Texas, with 5 million beef cows, drives the U.S. industry. When a severe drought hits Texas, the U.S. cowherd shrinks. The economic reality is that when Texas and the Southern Plains restock, there will be a nationwide economic opportunity for herd expansion. This month, I’ll focus on that expansion potential.
Slaughter prices. The driving force behind the beef industry is slaughter cattle prices. Strong export demand, coupled with fewer cattle, adds considerable strength to slaughter cattle prices. USDA’s price tables cite Choice steers in the five area markets averaging $95/cwt. in 2010, and $115/cwt. in 2011 – a 20% increase. In 2012, USDA projects Choice steers to average $125/cwt.
Figure 1 depicts the long-run upward price trend of live-cattle futures from February 2009 to June 2013. A five-year statistical trend indicates a $14.02 average price increase each year during this period.
Corn price. The cattle cycle used to drive the ranch business; now, it’s driven by corn price. When we had price supports on corn, the corn price changed very little during a year, and from year to year. With corn prices fairly constant, ranchers didn’t have to study the corn market to run a ranch. Now, ranchers must routinely study the corn market.
In 2006, the beginning of the biofuels era, corn price started to move upward. Today’s volatile corn market is now a driving force for the economics of ranching. Markets tend to overreact on the upside and the downside, which fuels corn price volatility (Figure 2).
Biofuels have substantially increased the demand for corn, and this demand increase is trying to move corn price to a new higher price equilibrium – perhaps the $5-$6 range. However, it’s hard to determine just what the new equilibrium price will be. As corn demand rises, so does corn acreage. As this is being written, USDA is projecting record corn acreage for 2012.
Farm-level corn price. Western Nebraska/eastern Wyoming cattle feeders generally experience a negative basis, which means the farm-level corn price is less than the futures price; therefore, localized farm-level corn prices need to be adjusted by the local corn basis. I tend to use a -47¢ corn basis for western Nebraska/eastern Wyoming in my cattle feeding simulations.
Figure 3 presents my simulated average farm-level corn price used for growing and finishing calves based on the year of calf birth. Remember, calves are born on the ranch in one year and grown and harvested the next year. These calculated feedlot corn prices assume that the corn was purchased monthly as it was fed.
Figure 4 presents the average cost of gain (COG) calculated in my retained ownership simulations for western Nebraska/eastern Wyoming feedlots. This COG is posted to the year the calves were born. Note how COG has increased as we’ve moved through the biofuels era.

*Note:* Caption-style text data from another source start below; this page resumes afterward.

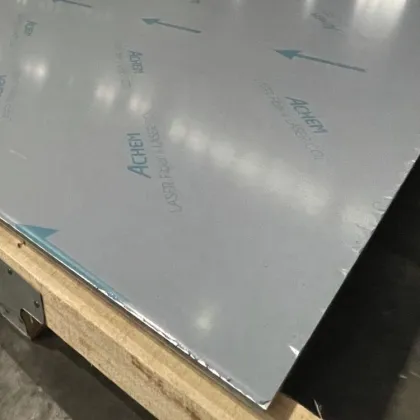 Global Supply: 3mm 430 Stainless Steel Sheet and Plate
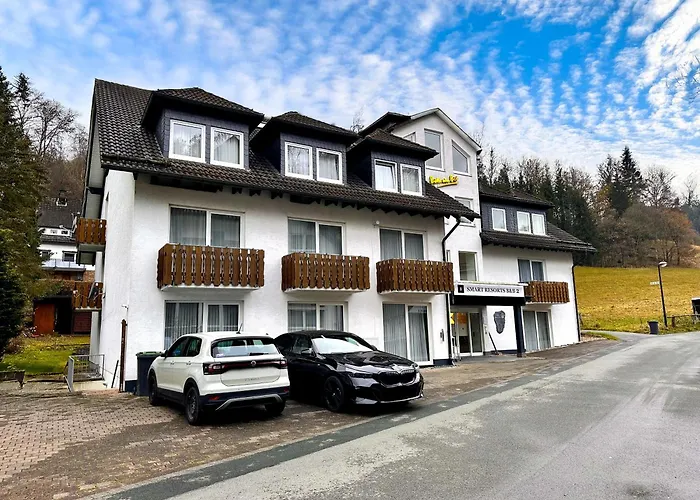 Hotel Smart B&b2 Bb2 306 Winterberg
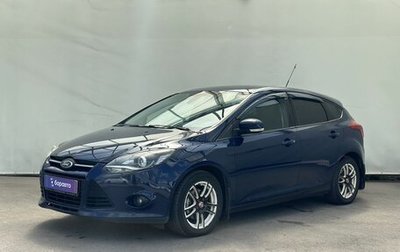 Ford Focus III, 2012 год, 630 000 рублей, 1 фотография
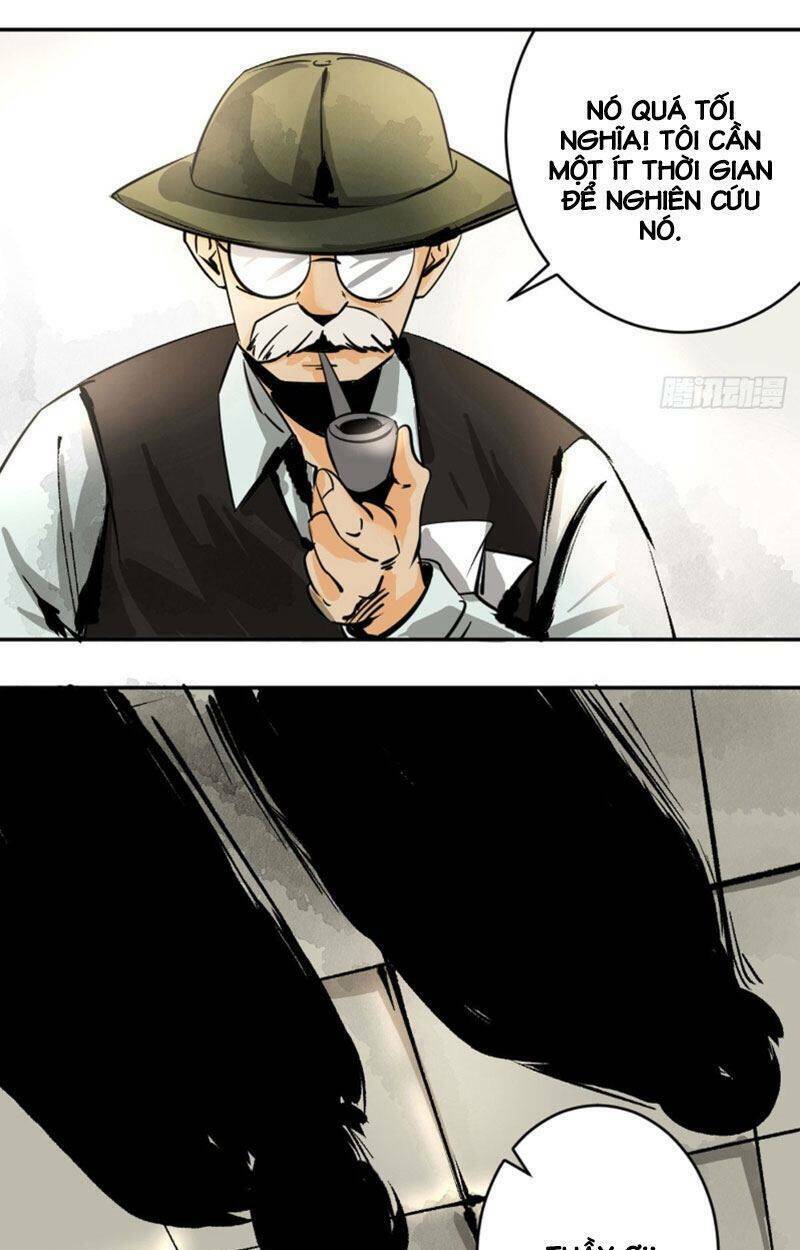 Huyền Thoại Đạo Sĩ: Chapter 11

For example, calves born in 2005 had a COG below 40¢/lb., based on an average farm-level corn price of $1.69/bu. But, calves born in 2012 are projected to be harvested in 2013 with a COG of 93¢/lb., based on $5.64 average farm-level corn price. This projected 2012 COG is an eight-year high.
Feeder & calf prices. Feeder cattle price is basically a derived price based on slaughter cattle prices and COG in the feedlot. As discussed earlier, slaughter cattle prices are projected to trend up, while corn prices and COG may be peaking at a new equilibrium level, with the net results being increasing feeder calf prices in 2013 and perhaps 2014.

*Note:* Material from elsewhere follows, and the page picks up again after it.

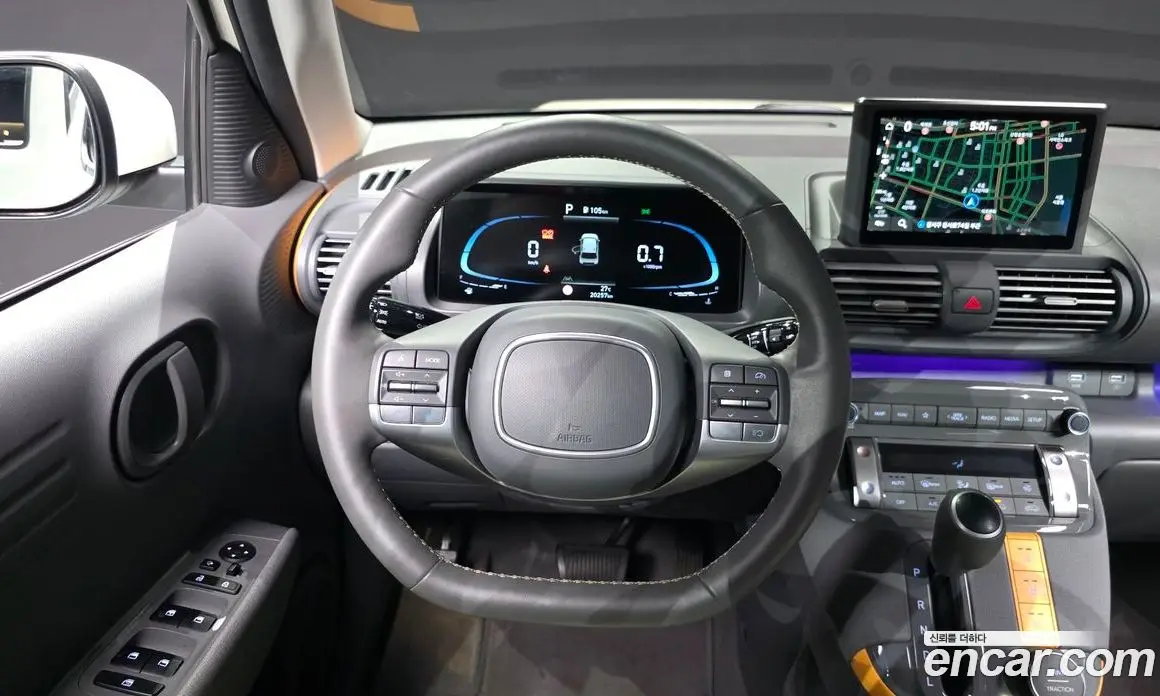 Hyundai Casper 2021 1.0 автомат (гидро), фото 19 Hyundai Casper 2021 1.0 автомат (гидро), фото 19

On a monthly basis, I analyze the most current week’s western Nebraska salebarn prices for steer feeder calves and calculate a statistical price line relating steer feeder calf prices and selling weight. The current 2012 price line in Figure 5 is the highest I’ve calculated – 550-lb. steers at $185/cwt., and 800-lb. steers at $153/cwt.
Planning prices. The latest salebarn price line is used in conjunction with the latest futures prices for corn, slaughter cattle and feeder cattle to develop a monthly set of planning prices for selected marketing months for the current and next calendar years.

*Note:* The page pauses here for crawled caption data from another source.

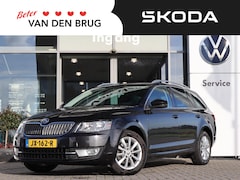 Skoda Octavia Combi - 1.0 TSI 115 pk DSG Greentech Ambition Business | Navigatie | Cruise | Canton | Trekhaak |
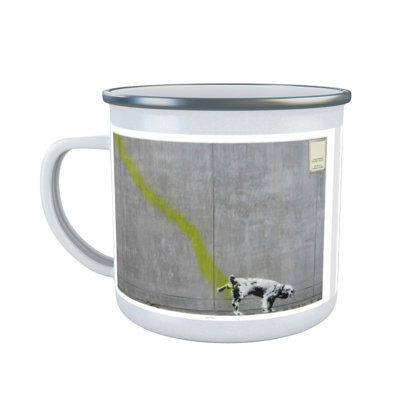 Oakcrest Enamelware Camping Mug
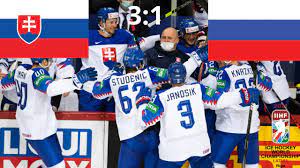 Oblíbené video přidej k přátelům sleduj autora. Slovensko Vs Rusko Historicke Vitazstvo Majstrovstva Sveta V Hokeji 2021 Youtube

Figure 6 presents the western Nebraska/eastern Wyoming feeder calf and feeder cattle prices for 2010 and 2011, along with my 2012 projections. The line for 550-lb. feeder calves clearly indicates the upward trend for fall-weaned steer calf prices.
The 550-lb. weaned calf price for fall 2010 was $132/cwt., while the fall 2011 weaned price was $157. I project the fall 2012 weaned price at $181/cwt., and should remain strong for the next few years. I project the next five-year average weaning price for 2012-2016 will be record-high.
In summary, strong and increasing slaughter cattle prices, impacted by higher but stabilizing corn prices, all suggest stronger feeder cattle prices. Stronger feeder cattle prices suggest a favorable economic environment for cowherd expansion. I think we’ll see that happen the next few years.